_What you should do_:
From the listing below, copy only the lines from the line that contains "Rocky Mountain Elder" to the line that contains "65 günlük scottish fold smoke", counting those two lines as part of the copy.
======== Listed records
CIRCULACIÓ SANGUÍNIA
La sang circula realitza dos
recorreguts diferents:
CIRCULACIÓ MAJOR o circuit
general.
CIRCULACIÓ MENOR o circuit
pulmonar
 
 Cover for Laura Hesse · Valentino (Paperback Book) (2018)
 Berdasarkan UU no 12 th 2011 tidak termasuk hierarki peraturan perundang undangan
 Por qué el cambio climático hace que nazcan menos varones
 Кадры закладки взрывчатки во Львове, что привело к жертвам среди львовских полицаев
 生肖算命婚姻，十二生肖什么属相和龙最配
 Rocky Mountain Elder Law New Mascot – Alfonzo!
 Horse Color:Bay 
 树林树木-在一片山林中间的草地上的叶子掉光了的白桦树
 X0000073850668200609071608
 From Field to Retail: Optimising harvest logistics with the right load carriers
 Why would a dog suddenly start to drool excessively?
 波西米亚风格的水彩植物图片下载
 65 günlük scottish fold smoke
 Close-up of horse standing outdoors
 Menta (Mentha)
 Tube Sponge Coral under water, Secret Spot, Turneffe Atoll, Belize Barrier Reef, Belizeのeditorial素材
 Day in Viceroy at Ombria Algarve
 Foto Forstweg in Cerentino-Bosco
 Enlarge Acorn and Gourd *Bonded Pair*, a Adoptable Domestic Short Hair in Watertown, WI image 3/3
================
_Task result_:
 Rocky Mountain Elder Law New Mascot – Alfonzo!
 Horse Color:Bay 
 树林树木-在一片山林中间的草地上的叶子掉光了的白桦树
 X0000073850668200609071608
 From Field to Retail: Optimising harvest logistics with the right load carriers
 Why would a dog suddenly start to drool excessively?
 波西米亚风格的水彩植物图片下载
 65 günlük scottish fold smoke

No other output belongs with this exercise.